_Available records_.
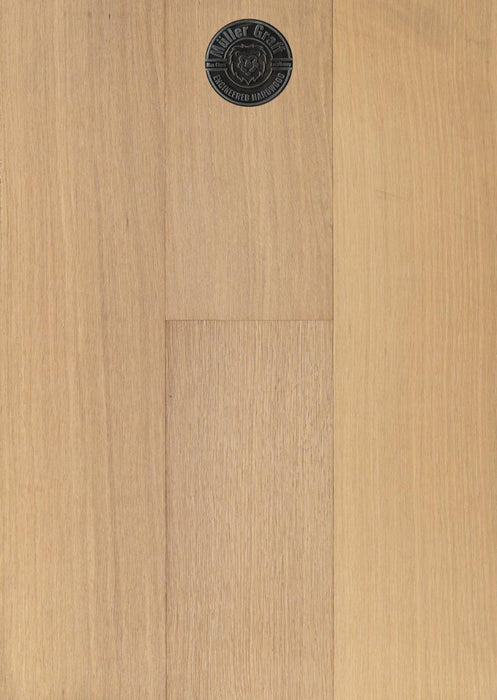 Portofino Wood Warm Honey Engineered Hardwood Wire Brushed 1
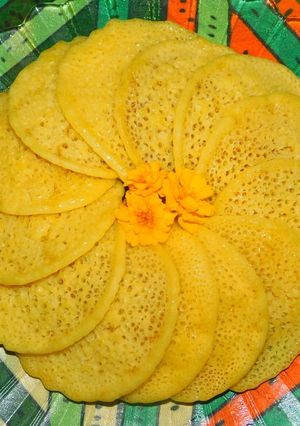 Une photo de Crepes mille trous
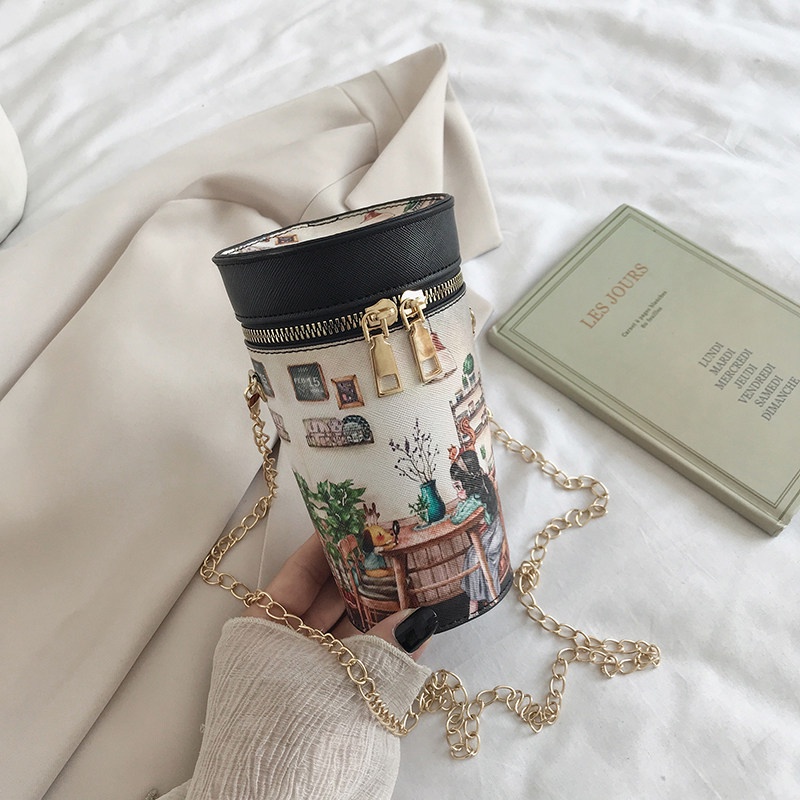 TÚI XÁCH HÌNH LY TRÀ SỮA SIÊU HOT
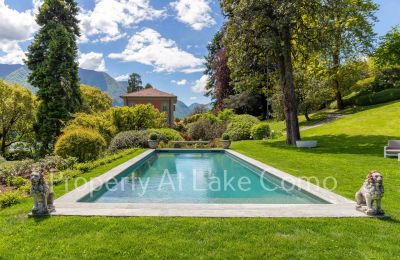 Zabytkowa willa na sprzedaż Menaggio, Lombardia, Pool	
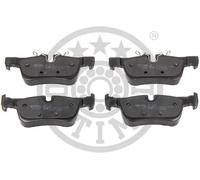 Plaquettes de frein Essieu arrière BP-12645 OPTIMAL pour BMW MINI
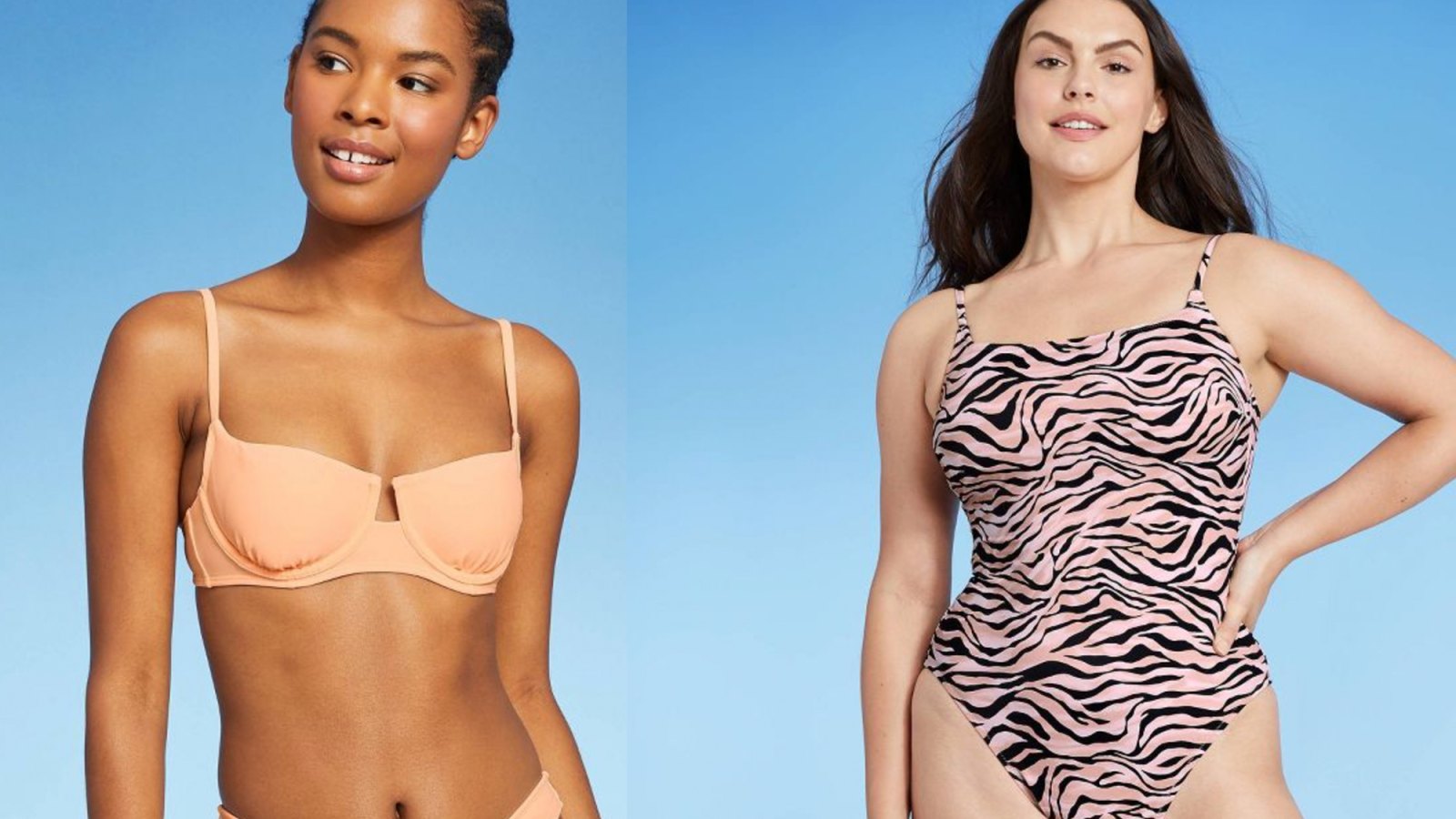 Target Is Taking 30% Off Swimsuits for the Start of Summer — Shop Now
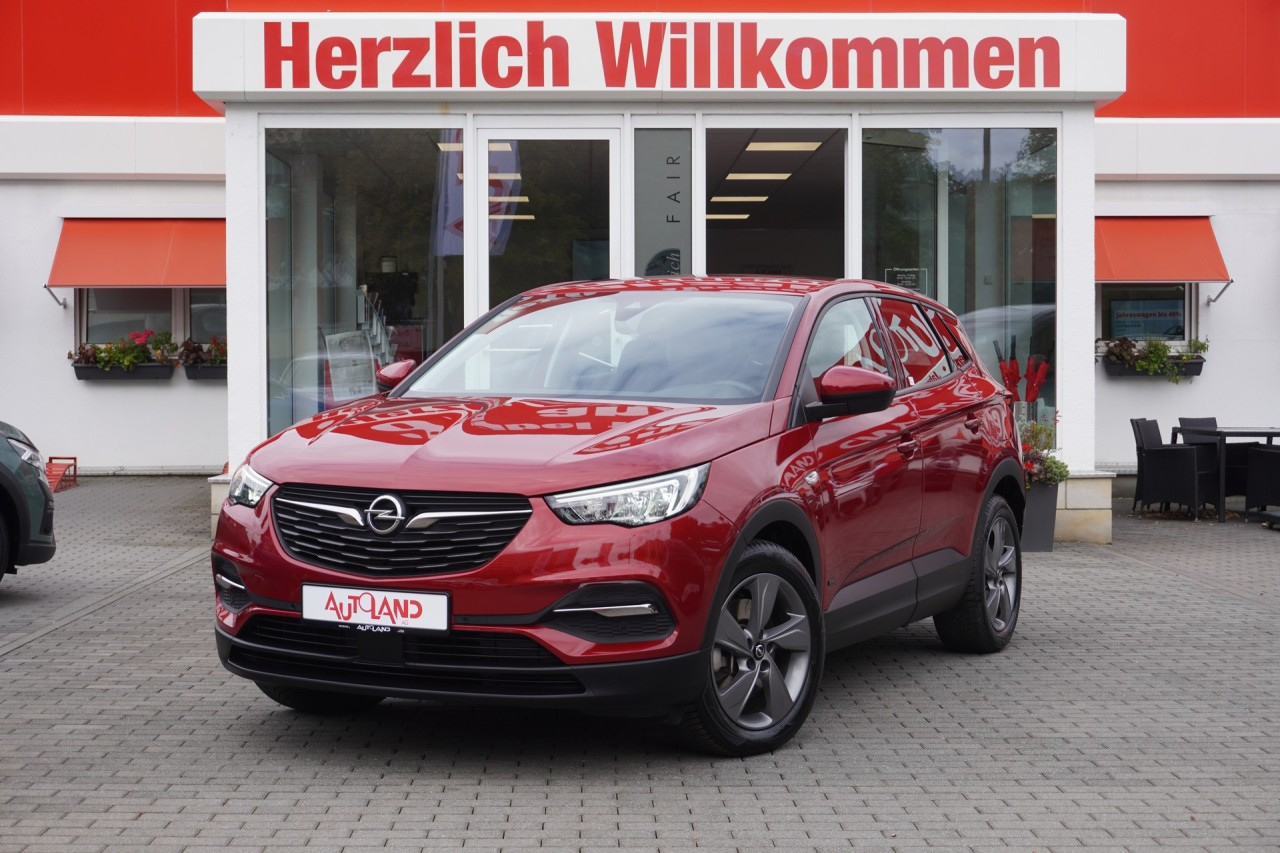 Opel Grandland Edition Plug-in-Hybrid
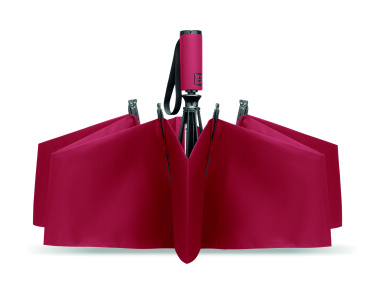 Logo trade firmakingid foto: 23-tolline tuulekindel vihmavari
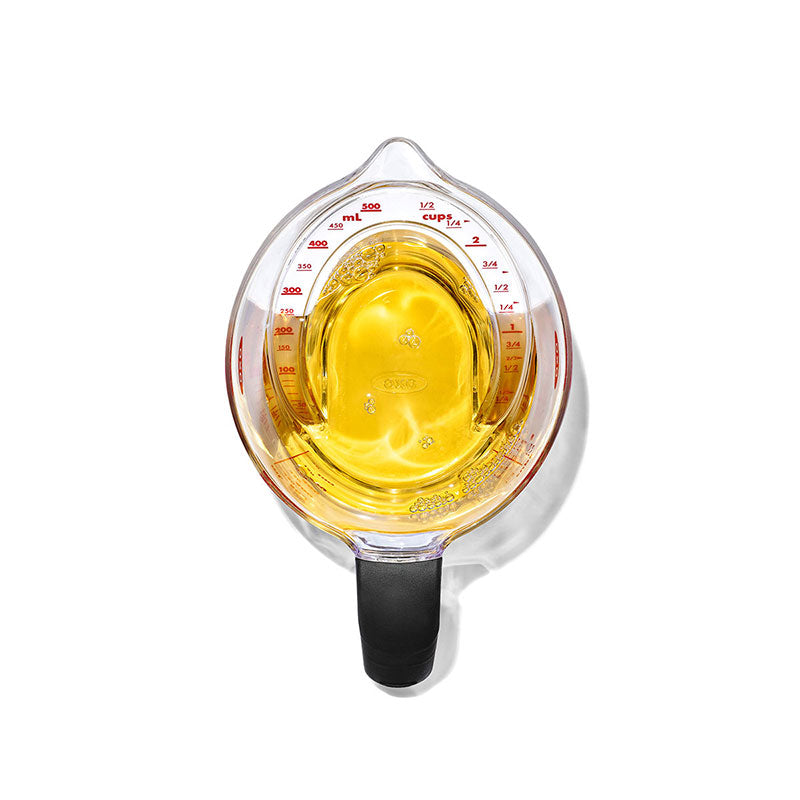 OXO Good Grips オクソーグッドグリップス アングルドメジャーカップ 500ml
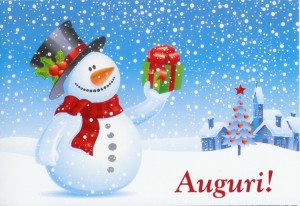 buon natale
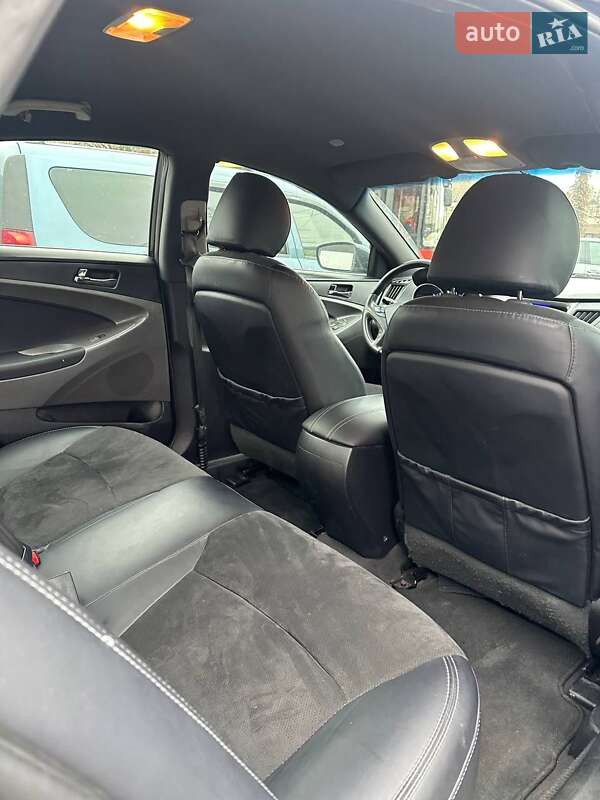 Седан Hyundai Sonata 2011 в Одесі фото 21 Седан Hyundai Sonata 2011 в Одесі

_Work to be completed_. Beginning with the line that holds "Zabytkowa willa na" and continuing to the end of the entries above, set down each line exactly, both ends included; include no pictures.

_Solution_.
 Zabytkowa willa na sprzedaż Menaggio, Lombardia, Pool	
 Plaquettes de frein Essieu arrière BP-12645 OPTIMAL pour BMW MINI
 Target Is Taking 30% Off Swimsuits for the Start of Summer — Shop Now
 Opel Grandland Edition Plug-in-Hybrid
 Logo trade firmakingid foto: 23-tolline tuulekindel vihmavari
 OXO Good Grips オクソーグッドグリップス アングルドメジャーカップ 500ml
 buon natale
 Седан Hyundai Sonata 2011 в Одесі фото 21 Седан Hyundai Sonata 2011 в Одесі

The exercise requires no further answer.